I also see a lot of Macbooks in the photo. Is the any sponsorship from Apple here ?


----------



## aragon (Jun 7, 2011)

I don't understand what the point of it is.  FreeBSD for Arabs?  And if so, how does standard FreeBSD fall short for Arabs?


----------



## da1 (Jun 7, 2011)

aragon said:
			
		

> I don't understand what the point of it is.  FreeBSD for Arabs?  And if so, how does standard FreeBSD fall short for Arabs?



Maybe they want it in Arab.  Do we have an Arab localization by the way?


----------



## ManaHime (Jun 8, 2011)

Even if we didn't, why not just translate it if that's what they want?


----------



## da1 (Jun 8, 2011)

D4rkSilver said:
			
		

> Even if we didn't, why not just translate it if that's what they want?



My point exactly.


----------



## kpedersen (Jun 8, 2011)

Looking at the screenshot, it seems that being an Arab is not a very high priority requirement for being a developer lol.

It is like having GingerBSD, and the majority of developers in the picture having brown hair.

This probably sounds racist but it really isn't meant to!
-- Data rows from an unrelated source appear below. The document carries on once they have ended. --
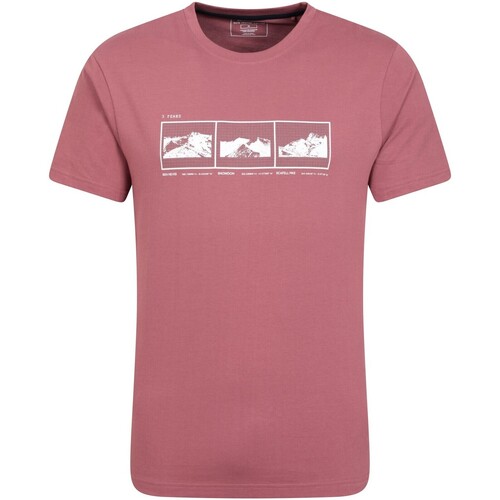Vêtements Homme T-shirts manches longues Mountain Warehouse 3 Peaks Multicolore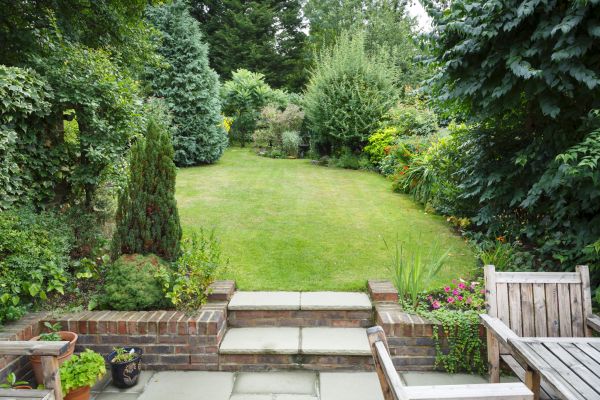 Compact Yard Landscaping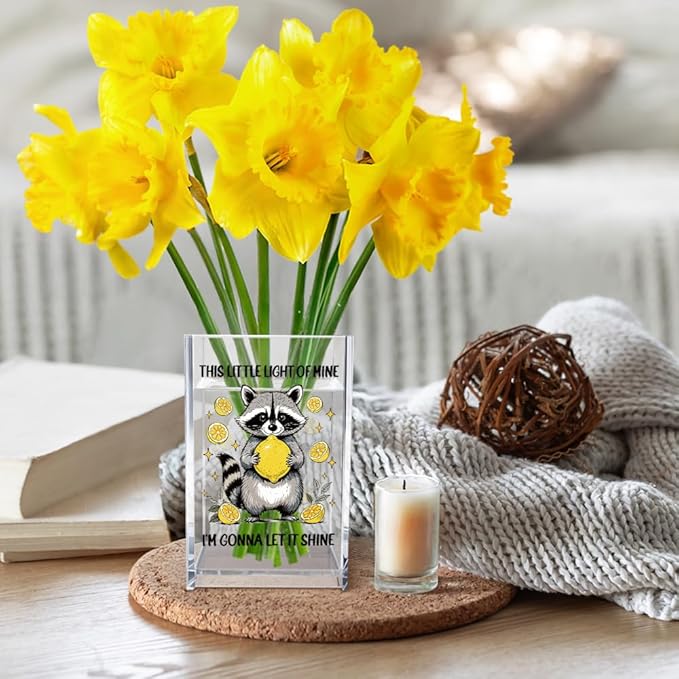 This Little Light Of Mine I'm Gonna Let It Shine Acrylic Cosmetic Pencil Pen Holder Cup, Funny Raccoon Lemon Pen Holder Cup, Raccoon Lover Gifts, Mental Health Gifts for Women Colleague Teacher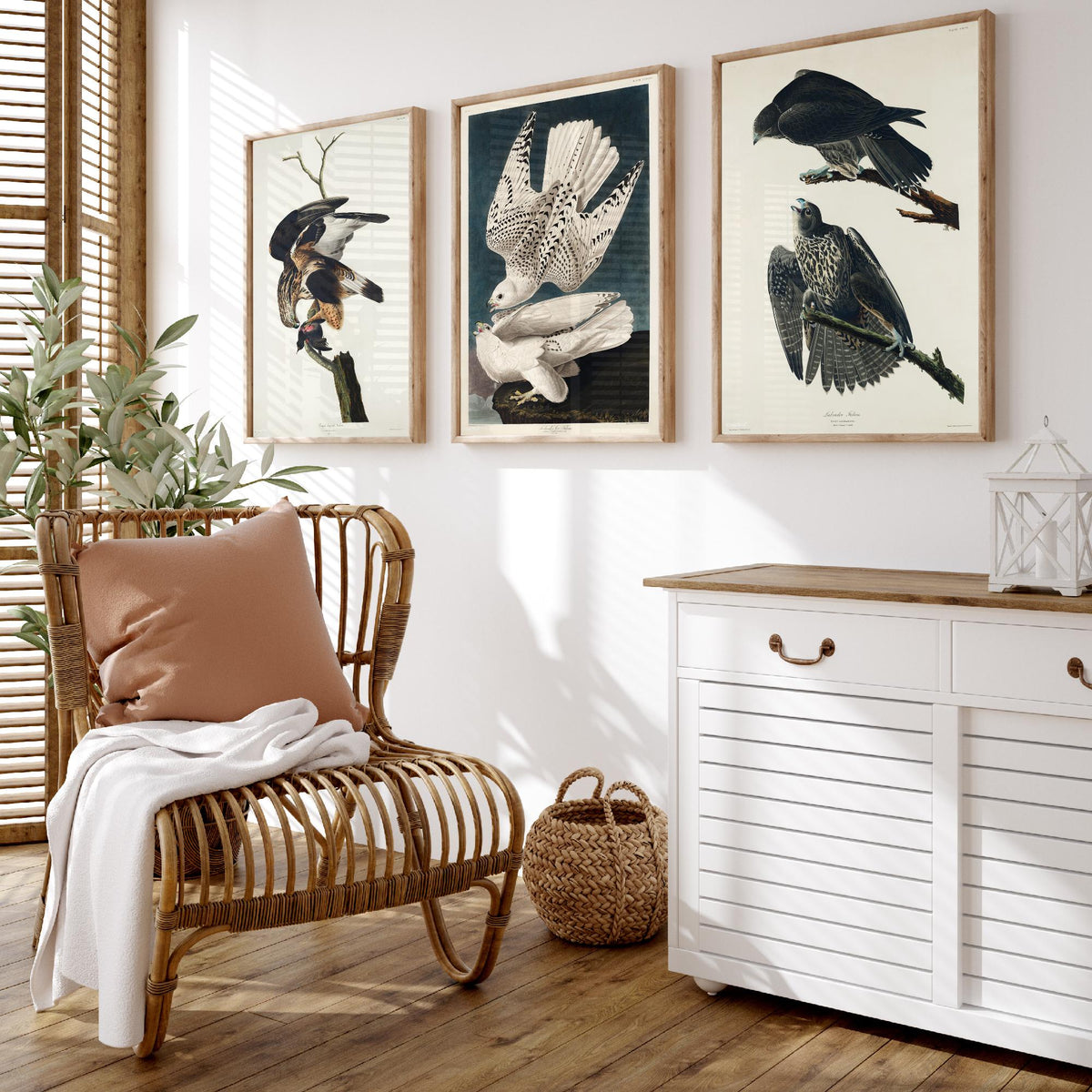 Set of Three John James Audubon Prints - Rough-legged Iceland and Labrador Falcon - 3 Falcon Paintings Poster Wall Art Gift Vintage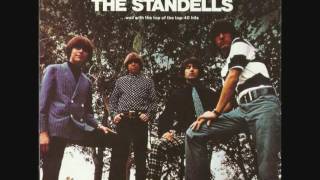 Video thumbnail of "THE STANDELLS  - Wild Thing"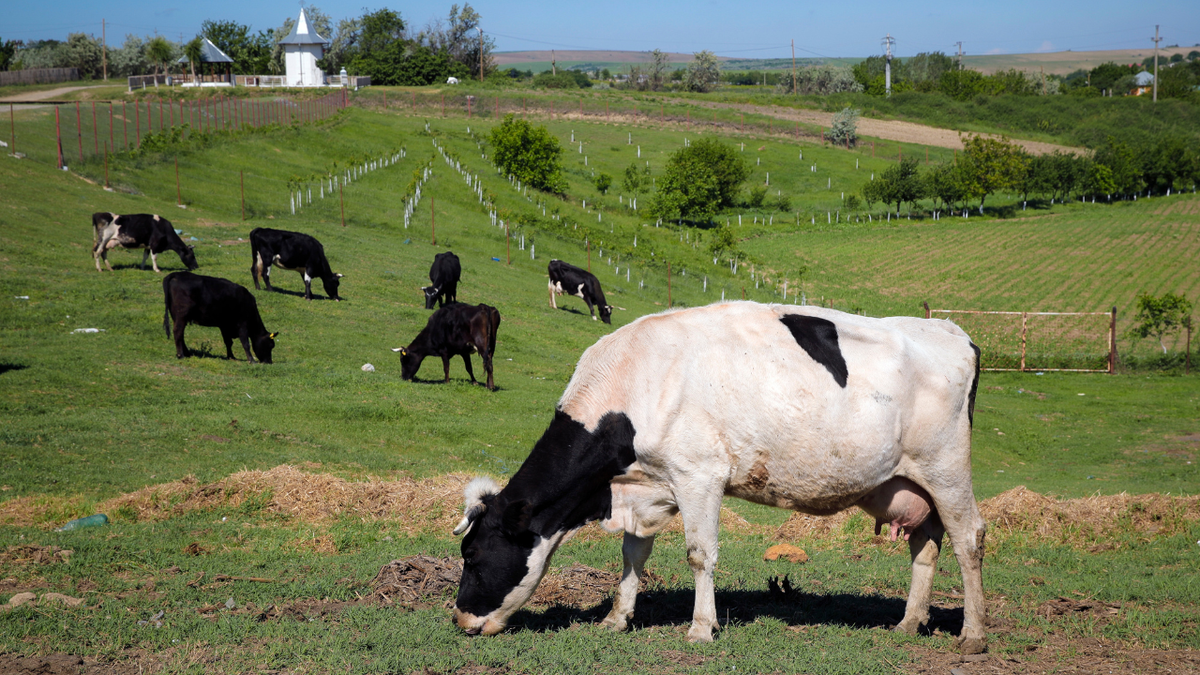 Cows grazing in a field.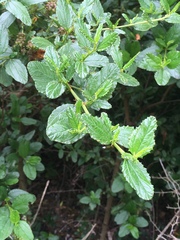 Ceanothus thyrsiflorus griseus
I am just saying that I look more arabic than the majority of the guys there and I am a fairly typical Scandinavian looking male lmao.


----------



## da1 (Jun 8, 2011)

Speaking about the picture, I just remembered I noticed half or more of the laptops there being Apple .


----------



## bbzz (Jun 8, 2011)

The logo looks like cross between FreeBSD, Windows, and Ubuntu. God help us..

And it doesn't say what "ARAB" really is..
Could be _Asynchronous Ripple Adder Bridge_ or _Advanced Restoration Advisory Board_. Maybe _American Royal Academy of Ballet_?


----------



## _martin (Jun 8, 2011)

bbzz said:
			
		

> Maybe _American Royal Academy of Ballet_?
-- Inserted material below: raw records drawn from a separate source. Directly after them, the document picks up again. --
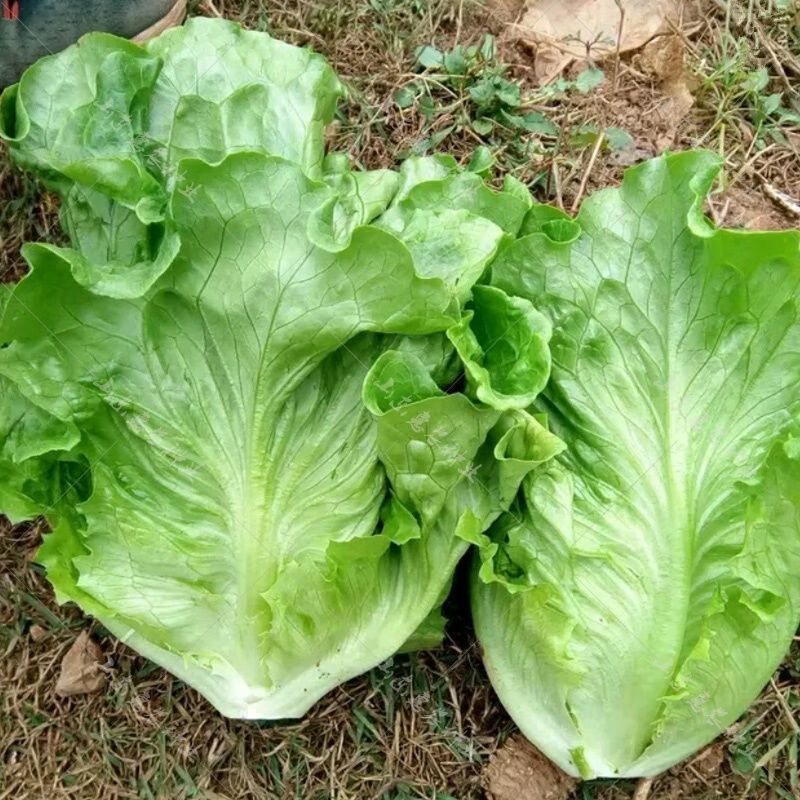 现挖新鲜生菜沙拉菜新鲜奶油小白菜奶白菜小青菜3斤净重生菜泡沫箱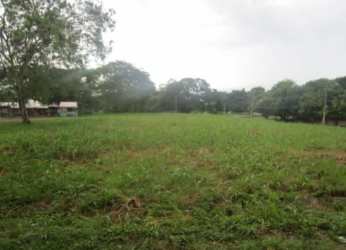 Open vacant development plot with grass and trees for sale in Chitré Panama
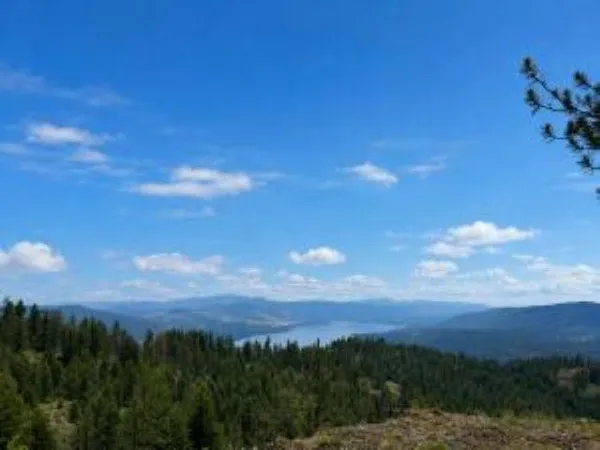 $95,000 | 4-xx #l 4-xx Lane, Inchelium, WA 99138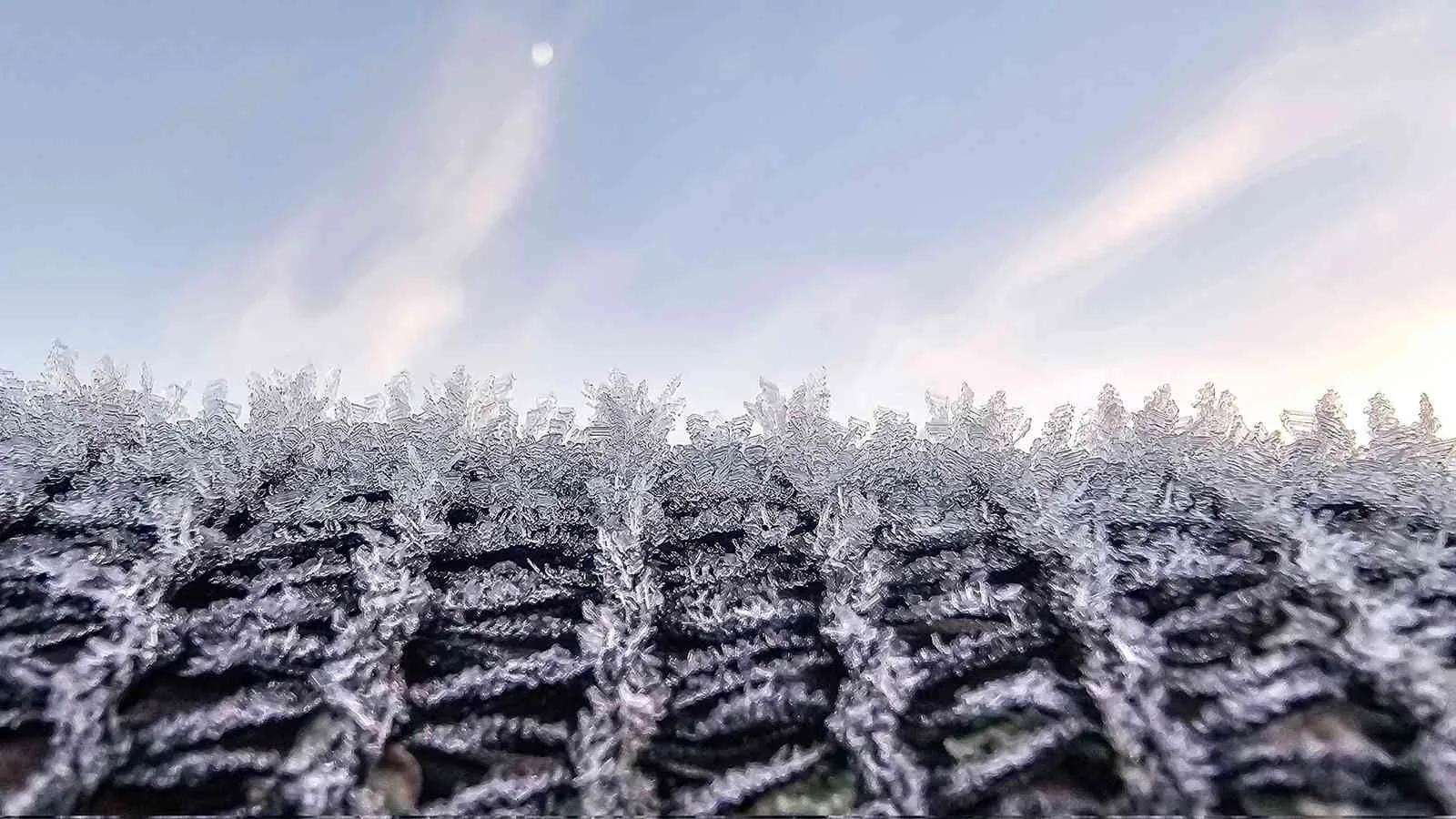 Foto mostra frio e geada em Sobradinho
Put me for $50 on that one ;-)


----------



## da1 (Jun 8, 2011)

=)))))


----------



## carlton_draught (Jun 9, 2011)

I'm encouraged to know that at least FreeBSD and Linux compare favorably to Windows 2000.


----------



## _martin (Jun 9, 2011)

carlton_draught said:
			
		

> I'm encouraged to know that at least FreeBSD and Linux compare favorably to Windows 2000.
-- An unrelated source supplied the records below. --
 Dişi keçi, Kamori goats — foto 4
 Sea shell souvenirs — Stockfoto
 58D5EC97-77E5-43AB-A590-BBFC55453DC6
I'm sorry but what is the point of comparing new versions of OS (FreeBSD/Linux) to the old one (Windows 2000)? Windows 2000 was released on Feb 2000 - more than 11 years ago. Argh, uh?

Definitely there are valid arguments why to go with *NIX systems instead of Windows one; but c'mon - "comparison" presented on that web is just one smiley-misleading table.


----------



## carlton_draught (Jun 9, 2011)

matoatlantis said:
			
		

> I'm sorry but what is the point of comparing new versions of OS (FreeBSD/Linux) to the old one (Windows 2000)? Windows 2000 was released on Feb 2000 - more than 11 years ago. Argh, uh?


I weighed up whether I should add another emoticon to confirm that I was indeed having a joke, but as you can verify there are already enough emoticons in the subject matter already.


----------



## _martin (Jun 9, 2011)

carlton_draught said:
			
		

> I weighed up whether I should add another emoticon to confirm that I was indeed having a joke, but as you can verify there are already enough emoticons in the subject matter already.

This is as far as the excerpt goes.